Materials quality is first-rate. Dash panels align with precision. Seating is firm and supportive.
Bottom line, the Tiguan feels sufficiently different from the rest of the pack that it got Diane’s attention.
Tiguan doesn’t fall under the near-luxury rubric. In the base S trim, cloth seats are standard and driver-seat power controls are optional.
But even the base S trim is well-equipped — heated mirrors, trailer prep package, Bluetooth connectivity, et al. For 2015, the standard-features list grows to include a rearview camera, a 5-inch touchscreen, Volkswagen's Car-Net connected services and an iPod cable.
Underway, the Tiguan has the substantial feel of a German-built machine. Its responses are sharp, if not as immediate as those of one of its Audi cousins. Its all-independent suspension — front struts, multilink rear — is mounted in an aluminum subframe and deftly absorbs the impact of potholes and railroad crossings.
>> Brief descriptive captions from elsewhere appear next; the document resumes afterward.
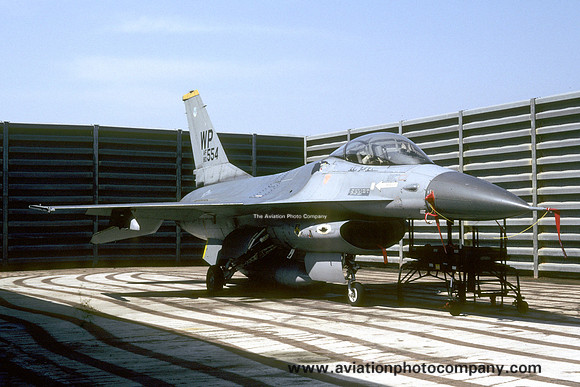 USAF 8 TFW 80 TFS General Dynamics F-16A Fighting Falcon 80-0554/WP (1987)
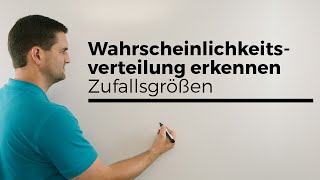 Wahrscheinlichkeitsverteilung erkennen Stochastik Zufallsgrößen Statistik  Mathe by Daniel Jung [upl. by Lenahs302]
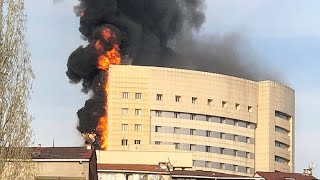 Großbrand in Istanbuler Krankenhaus [upl. by Ttcos]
Coming from the Golf/Jetta side of the VW clan, Tiguan shares their reputation for reliability. Snow-country owners also praise its all-wheel-drive technology. The Tiguan’s available electrohydraulic AWD system includes a Haldex center differential that continuously apportions power to the front and rear axles.
Under normal conditions, 90 percent of the power goes to the front wheels. But when the potential for slippage arises — during acceleration, for instance — the Haldex can direct nearly 100 percent of drive torque to the rears.
In many ways, Tiguan is the class act in a segment that grows more crowded and more competitive every year. Its old-world charms exact a price, though. Its $27,000 sticker is well above its prime competitors’, all of which are larger and more spacious than the Tiguan. Fuel efficiency trails the pack and premium fuel is required.
The Tiguan’s 5-inch touchscreen display seems displaced from another era; it’s small and its graphics capabilities are limited. VW’s Media Device Interface is easily mastered and other controls work intuitively. Levers and switches exude a feel of quality and substance.
This could be a great time to buy. VW will realign pricing and trim-level strategies on 2016 Tiguans and in 2017 and all-new Tiguan will arrive. Based on VW’s new modular platform strategy, it’s expected to be larger, lighter and price competitive. A long-wheelbase model will target U.S. buyers.
I expect Diane will be all over it.
Contact Don at firstname.lastname@example.org.
2015 Volkswagen Tiguan SE w Appearance package
Vehicle base price: $25,505
Trim level base price: $31,260
As tested: $32,125
Options: The SE trim with Appearance package is thoroughly equipped; our tester came without additional options.